(AVAILABLE DATA)
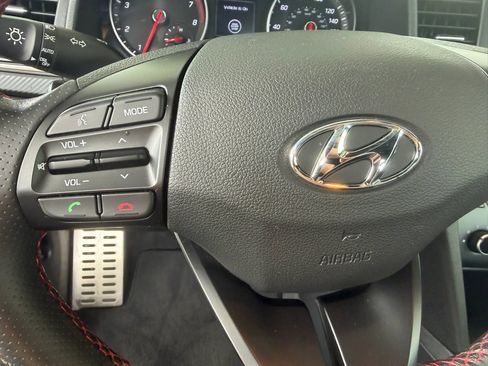 Used 2018 Hyundai Elantra Sport image 16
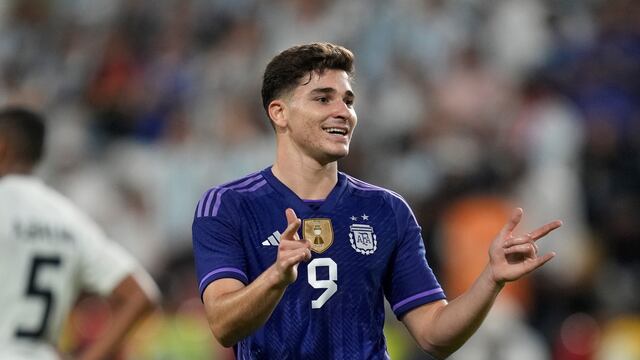 Julián Álvarez y su festejo de gol en el amistoso ante Emiratos Árabes. (AP Photo/Kamran Jebreili).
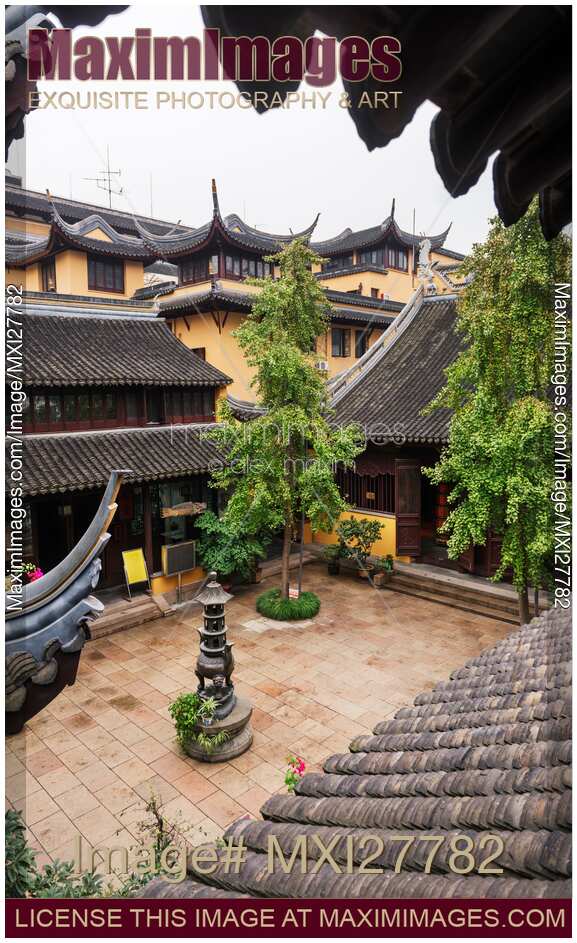 Chen Xiang Buddhist monastery in Shanghai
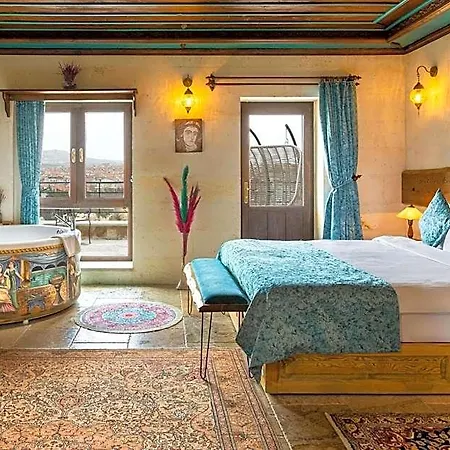 Acer Cave Hotel 3*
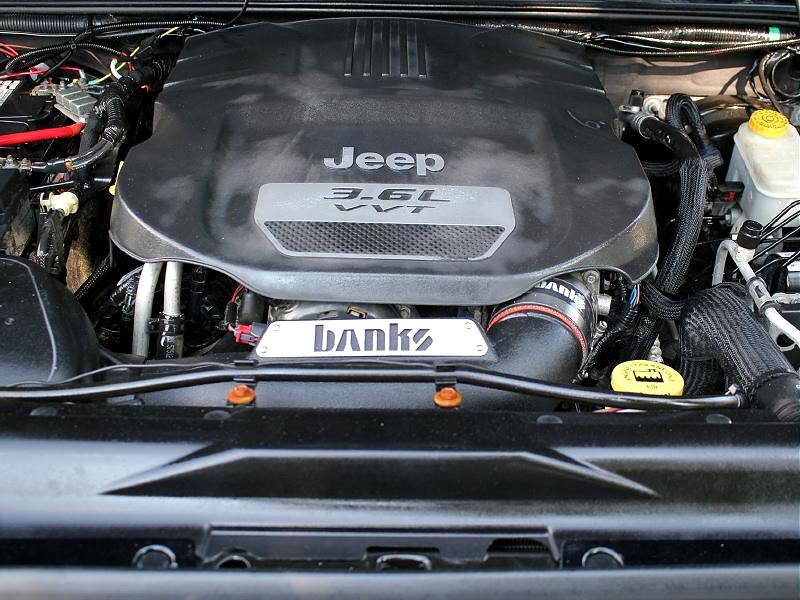 Jeep Wrangler Unlimited 4WD 4dr Sahara 2012 Jeep Wrangler Unlimited 4WD 4dr Sahara 2012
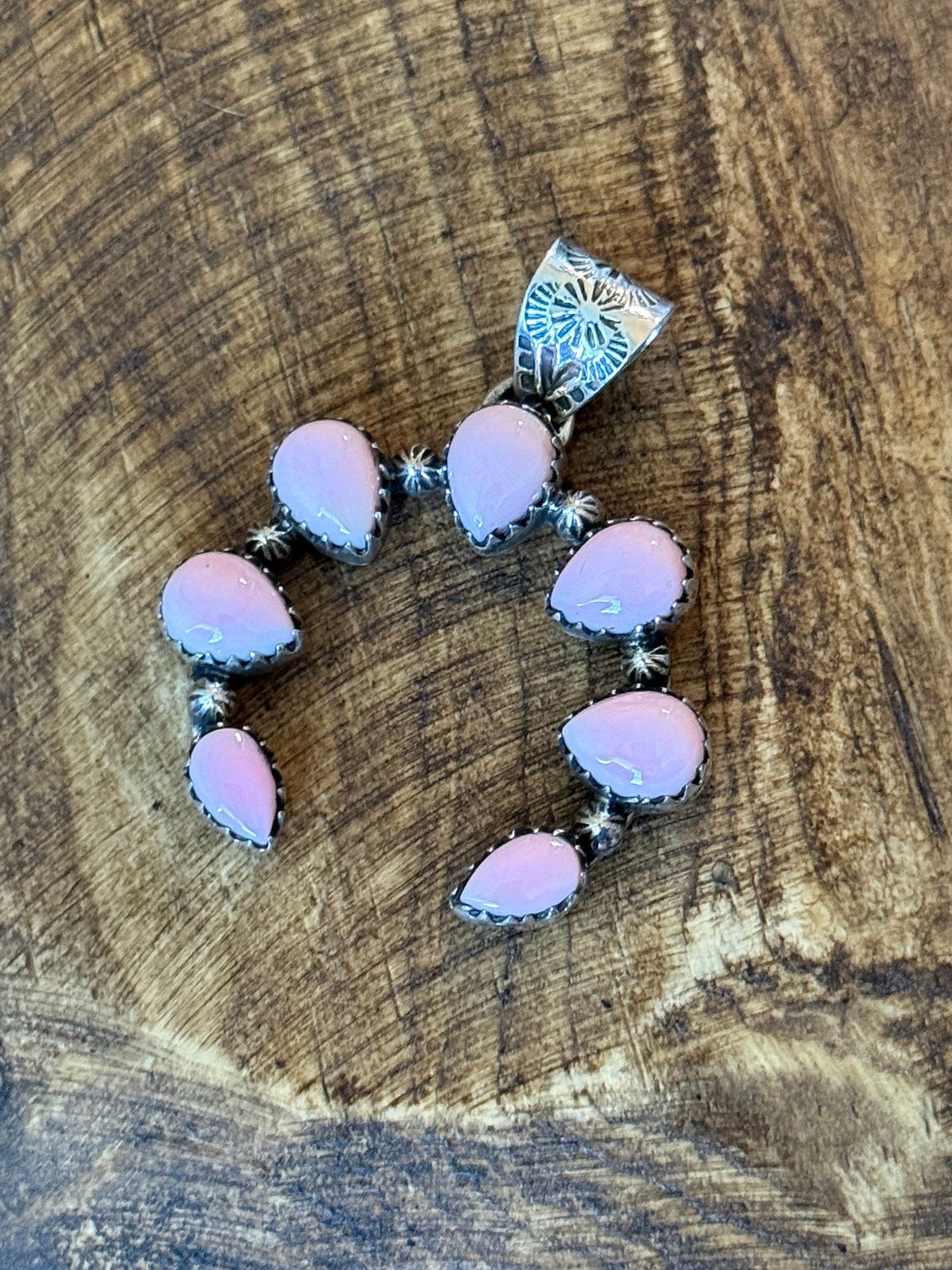 Pink conch naja pendant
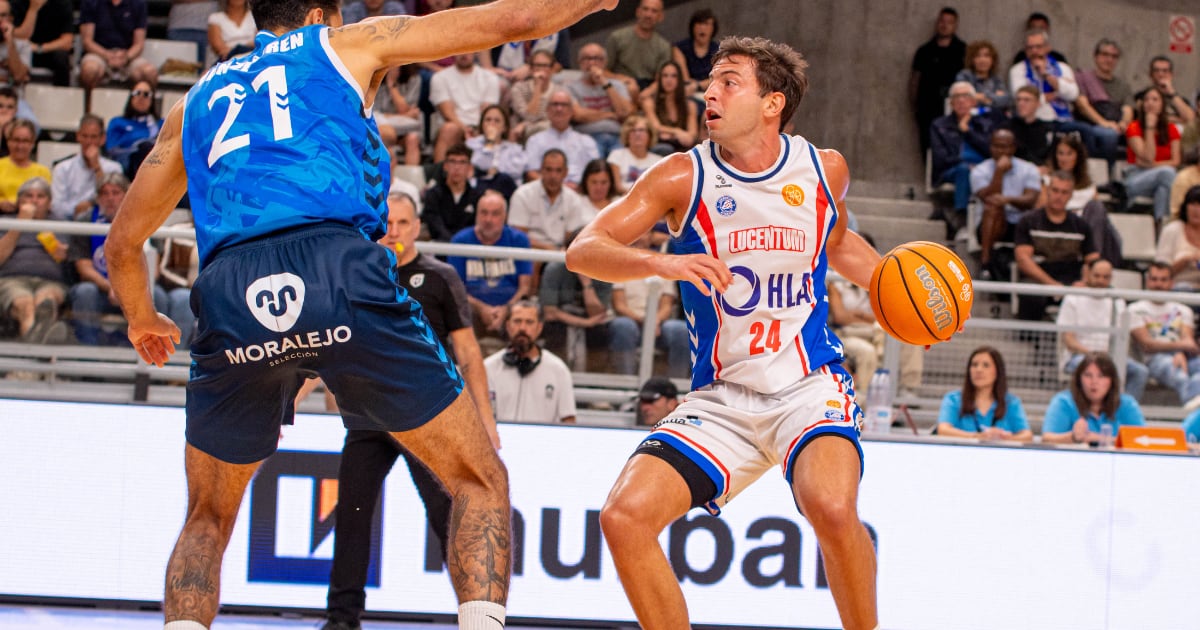 Sergio Llorente en un partido con el HLA Alicante en el pabellón Pedro Ferrándiz. Foto: HLA Alicante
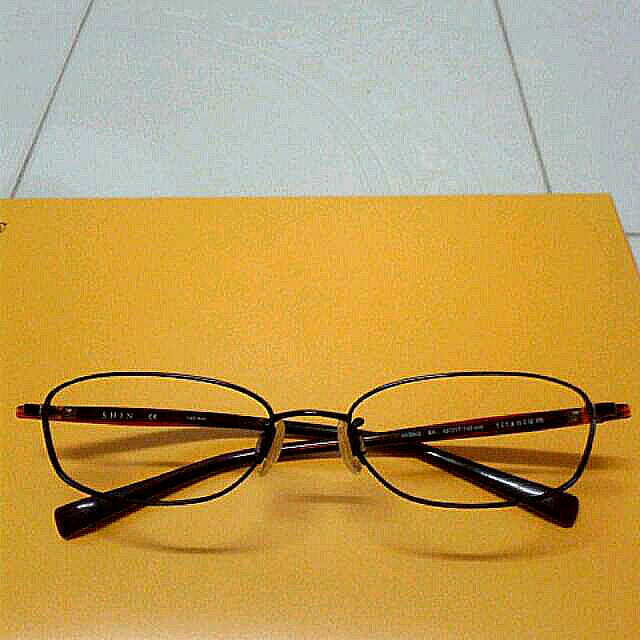 Eyewear Frame (Category: Sunglasses & Eyewear) located in Singapore. Submitted by merry310a (Listing ID 103717536, Image 3). Description: 2nd pic - Silhouette, Austria 3rd pic - SHIN titanium 4th pic - sweet girl look Pls pm me if you like any frame shown Price starting from $8.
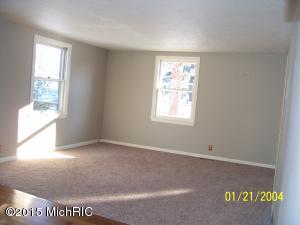 107 E Locust St, Three Oaks, MI 49128 photo 15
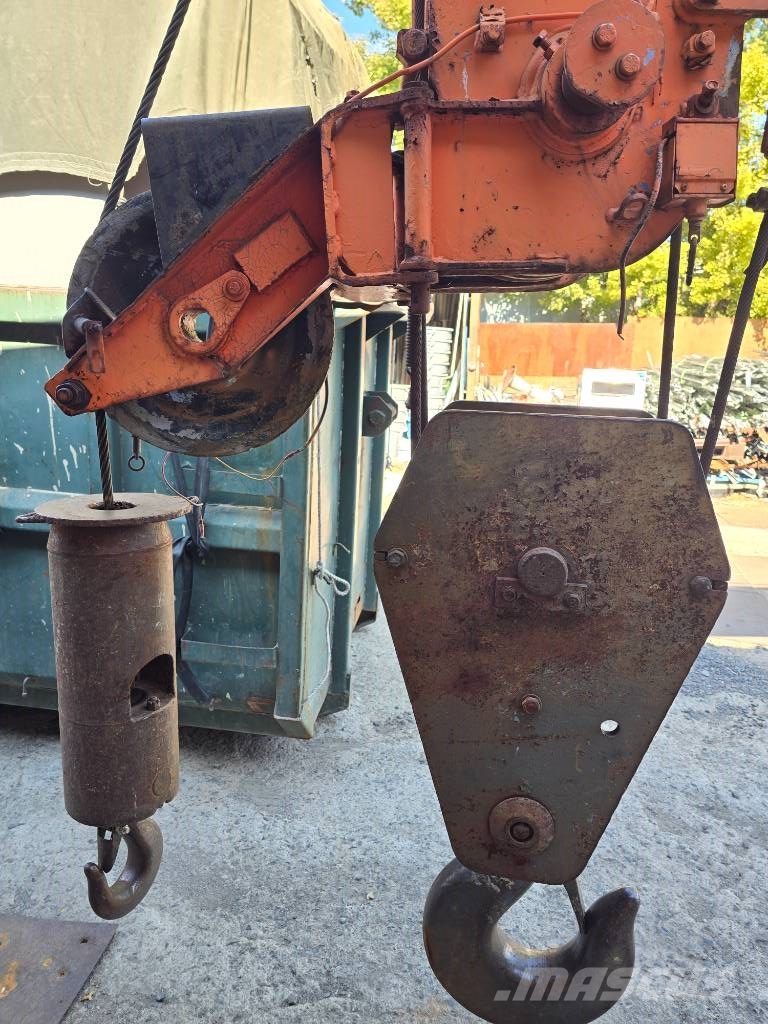 Komatsu LW 250-3 越野起重機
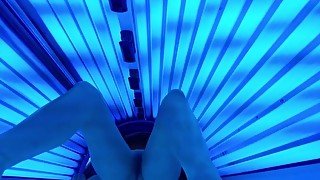 Hot wife masturbates in public tanning bed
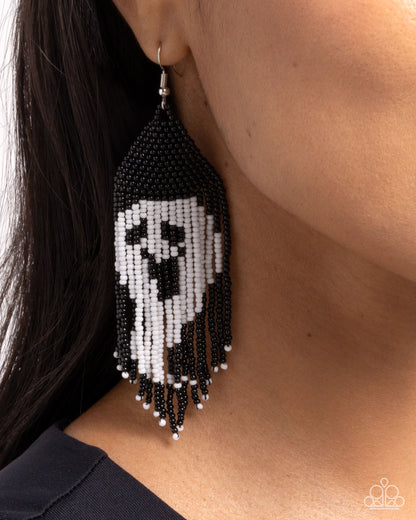 Spooky Strands - black - Paparazzi earrings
(End AVAILABLE DATA)
• [TASK DESCRIPTION]:
Please repeat exactly the data above from its first line to the line that contains "Pink conch naja pendant", inclusive, and leave every picture out.

• [ANSWER SPACE]:
 Used 2018 Hyundai Elantra Sport image 16
 Julián Álvarez y su festejo de gol en el amistoso ante Emiratos Árabes. (AP Photo/Kamran Jebreili).
 Chen Xiang Buddhist monastery in Shanghai
 Acer Cave Hotel 3*
 Jeep Wrangler Unlimited 4WD 4dr Sahara 2012 Jeep Wrangler Unlimited 4WD 4dr Sahara 2012
 Pink conch naja pendant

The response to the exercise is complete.